WGCNA is a systemic method that uses gene expression data to build a scale-free network [18]. A weighted co-expression network with the expression profile data of the DEGs was built using the WGCNA package of R. Following this, we screened the key module related to BC bone metastasis and prognosis, and then extracted the genes for further analysis.

2.4. Nomogram Model Construction and Model Effectiveness Evaluation

In the training cohort, using the “survival” package in R, univariate Cox regression analysis was performed to obtain the potential prognostic genes related to OS or PFS. Only genes that had a significant impact on OS or PFS were considered to pass univariate Cox regression analysis screening. In addition, the prognostic value of the significant genes obtained in the univariate Cox regression analysis was evaluated by the Kaplan–Meier plotter analysis. Only genes with statistical significance in OS or PFS analyses were considered to pass the screening. The intersected genes generated in univariate Cox regression and Kaplan–Meier plotter analyses were then entered into the construction of GESBN models in terms of OS and PFS using the “rms” package in R. The calibration curves were drawn to measure the performance of the models.
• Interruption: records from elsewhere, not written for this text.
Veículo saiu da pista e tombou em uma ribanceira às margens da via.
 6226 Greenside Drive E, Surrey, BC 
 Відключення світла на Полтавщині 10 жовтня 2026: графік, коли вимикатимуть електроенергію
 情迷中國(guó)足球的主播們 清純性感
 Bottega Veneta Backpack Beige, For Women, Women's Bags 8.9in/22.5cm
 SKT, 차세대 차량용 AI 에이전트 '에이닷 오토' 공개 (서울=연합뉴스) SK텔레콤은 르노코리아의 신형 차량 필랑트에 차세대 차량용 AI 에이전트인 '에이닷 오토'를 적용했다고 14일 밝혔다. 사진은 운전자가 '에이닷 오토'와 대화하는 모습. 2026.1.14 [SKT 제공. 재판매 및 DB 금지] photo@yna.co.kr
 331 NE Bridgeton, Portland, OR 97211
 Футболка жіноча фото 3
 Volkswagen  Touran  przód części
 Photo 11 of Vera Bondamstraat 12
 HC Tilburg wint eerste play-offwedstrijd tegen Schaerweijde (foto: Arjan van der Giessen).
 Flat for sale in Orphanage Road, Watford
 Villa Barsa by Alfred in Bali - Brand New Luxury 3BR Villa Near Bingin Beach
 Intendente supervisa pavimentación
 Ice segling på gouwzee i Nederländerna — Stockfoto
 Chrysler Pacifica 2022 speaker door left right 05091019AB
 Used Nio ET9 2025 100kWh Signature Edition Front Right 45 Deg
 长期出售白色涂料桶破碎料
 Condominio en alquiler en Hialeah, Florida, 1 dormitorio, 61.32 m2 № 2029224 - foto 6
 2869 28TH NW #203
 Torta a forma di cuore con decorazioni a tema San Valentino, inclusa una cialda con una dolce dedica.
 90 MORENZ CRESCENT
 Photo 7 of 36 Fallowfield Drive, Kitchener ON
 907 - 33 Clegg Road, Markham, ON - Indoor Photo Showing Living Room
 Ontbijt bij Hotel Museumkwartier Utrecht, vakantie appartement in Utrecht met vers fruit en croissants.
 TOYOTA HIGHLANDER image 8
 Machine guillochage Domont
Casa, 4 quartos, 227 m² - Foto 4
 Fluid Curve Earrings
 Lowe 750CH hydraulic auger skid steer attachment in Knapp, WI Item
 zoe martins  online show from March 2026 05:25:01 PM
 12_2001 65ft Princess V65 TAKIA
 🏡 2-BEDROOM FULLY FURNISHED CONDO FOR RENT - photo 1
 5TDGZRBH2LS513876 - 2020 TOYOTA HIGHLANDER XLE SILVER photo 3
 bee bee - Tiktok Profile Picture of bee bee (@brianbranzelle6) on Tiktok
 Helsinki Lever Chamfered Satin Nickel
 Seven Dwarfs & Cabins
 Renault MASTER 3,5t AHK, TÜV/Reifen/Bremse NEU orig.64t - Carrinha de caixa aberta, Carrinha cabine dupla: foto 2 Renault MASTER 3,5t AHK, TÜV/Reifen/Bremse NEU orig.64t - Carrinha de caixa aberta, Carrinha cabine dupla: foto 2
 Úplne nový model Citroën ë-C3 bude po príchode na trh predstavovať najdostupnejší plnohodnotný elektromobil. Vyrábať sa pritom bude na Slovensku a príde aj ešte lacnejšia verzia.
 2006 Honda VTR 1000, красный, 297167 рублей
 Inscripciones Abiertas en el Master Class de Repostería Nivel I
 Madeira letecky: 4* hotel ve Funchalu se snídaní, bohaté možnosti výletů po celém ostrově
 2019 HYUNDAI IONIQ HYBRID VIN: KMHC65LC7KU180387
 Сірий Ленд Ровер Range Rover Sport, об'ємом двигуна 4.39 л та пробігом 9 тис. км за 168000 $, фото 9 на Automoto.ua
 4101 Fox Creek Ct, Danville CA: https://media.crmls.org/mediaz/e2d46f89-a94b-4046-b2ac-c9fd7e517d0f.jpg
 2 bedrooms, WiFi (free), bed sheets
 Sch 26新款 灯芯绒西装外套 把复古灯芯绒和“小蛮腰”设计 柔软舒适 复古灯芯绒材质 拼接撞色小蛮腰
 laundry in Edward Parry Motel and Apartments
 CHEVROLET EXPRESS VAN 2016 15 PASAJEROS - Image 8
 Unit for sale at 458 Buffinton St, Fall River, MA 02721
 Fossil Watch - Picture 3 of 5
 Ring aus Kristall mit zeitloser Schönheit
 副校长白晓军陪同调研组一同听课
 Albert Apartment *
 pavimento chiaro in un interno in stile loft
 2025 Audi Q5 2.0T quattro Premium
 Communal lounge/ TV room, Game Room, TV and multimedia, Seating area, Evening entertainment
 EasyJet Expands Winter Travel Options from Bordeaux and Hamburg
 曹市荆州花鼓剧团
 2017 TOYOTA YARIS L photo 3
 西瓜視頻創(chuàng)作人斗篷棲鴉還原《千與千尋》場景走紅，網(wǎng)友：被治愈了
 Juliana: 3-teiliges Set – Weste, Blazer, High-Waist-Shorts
The genes which had the greatest contribution were selected as hub genes. Besides, a decision curve analysis (DCA) was performed to assess the clinical net benefit of different models. Further, the hub genes combined with clinicopathological factors were included in the construction of a nomogram for predicting the occurrence of bone metastasis in BC.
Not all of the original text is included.